Here's to making it a great day! And hoping that your new year is going well. 

Monday, January 4, 2016

Treasures from the Past

First, thank you to everyone for the kind words. It has been wonderful to reconnect. I have missed you!

This year is not going as planned. My grandson shared his cold and it hit me hard. I've been battling a nasty cough and congestion for 9 days. Guess I needed to rest. I have worked on the first dress. Dipping the resin, as opposed to brushing it on, was a challenge. I think I am going to need to brush more resin on if I want to add anything to it especially at the top. The dress was too pale so I dyed it with strong tea and turmeric. I do like the way it looks. I am still undecided about adding wings, but not sure that as it is that it is enough so please share your thoughts. This is the medium sized dress/slip. It is 19 inches tall by 14 inches wide.

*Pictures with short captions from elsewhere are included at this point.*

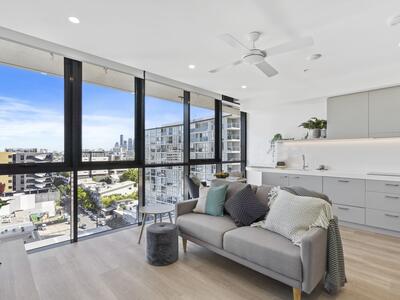918/50 Longland Street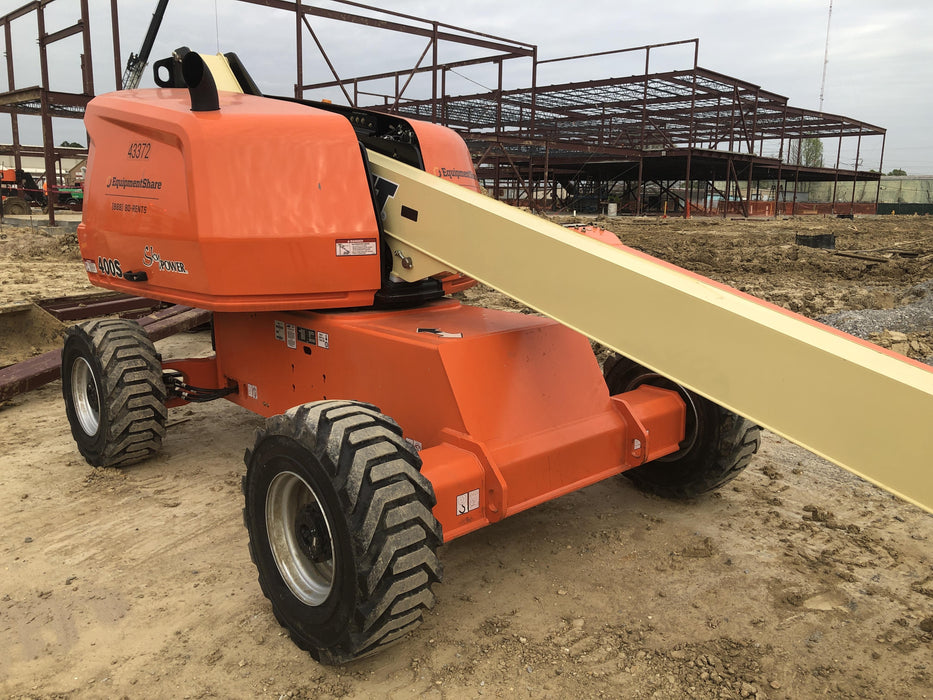 2019 JLG 400S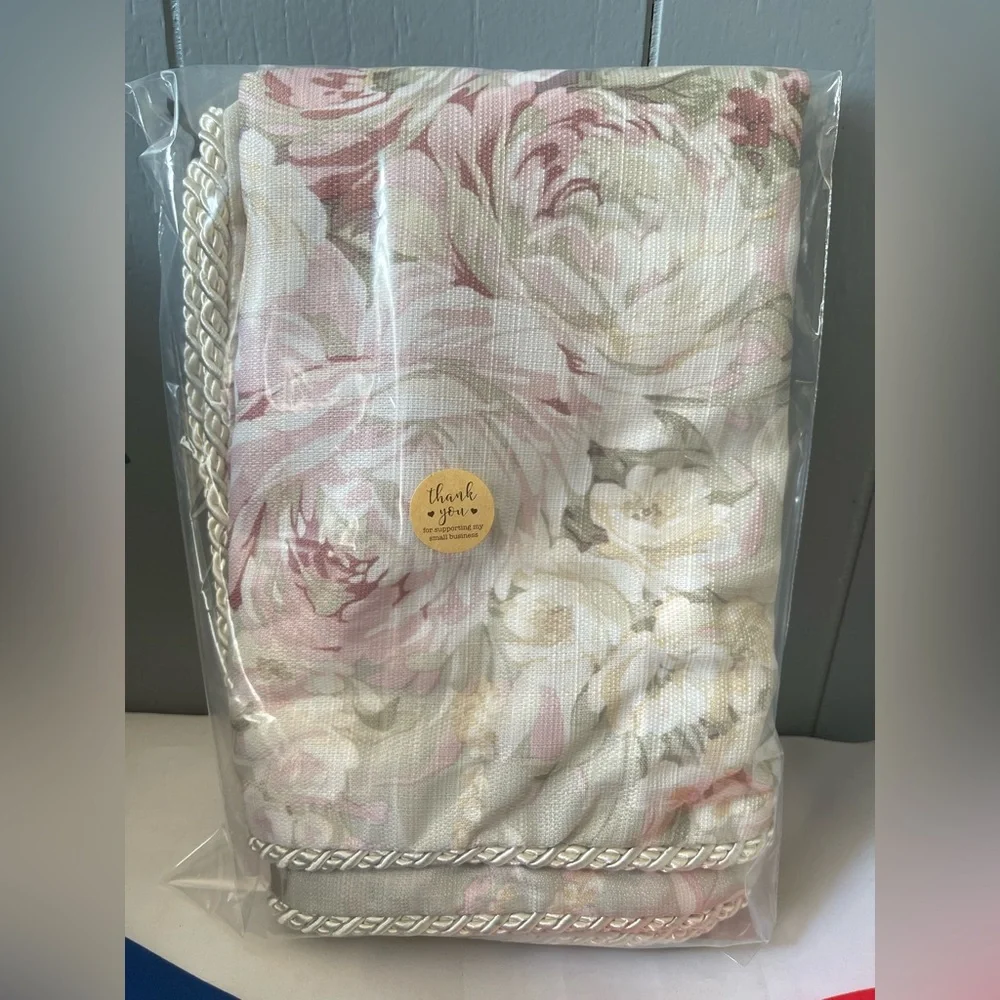2~Eleanor Royal Court Home Floral Pillow Shams Beige Decorative Set Beige Tones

I was surprised by how many people reached out to me about their family treasures and their struggles. I think this is a great topic for us to explore if you are game. Perry has lots of family lace and wonders what others would do with it. I am sure she would appreciate suggestions as I did not have any. I was also asked if I feel any guilt about how I am using this gift from my mother-in-law and honestly, I don't. I feel gifts should not have strings and my mother-in-law never expressed more than she wanted me to have Carolyn's clothes because she knew I would care about them, which I do. I also feel that having them out in the world if even just on my blog is better than sitting in a drawer. So I look forward to being healthy again and hearing your thoughts. So is it enough? And don't forget thoughts on all of Perry's family lace. Also I would love to hear if you have also transformed a family heirloom/object.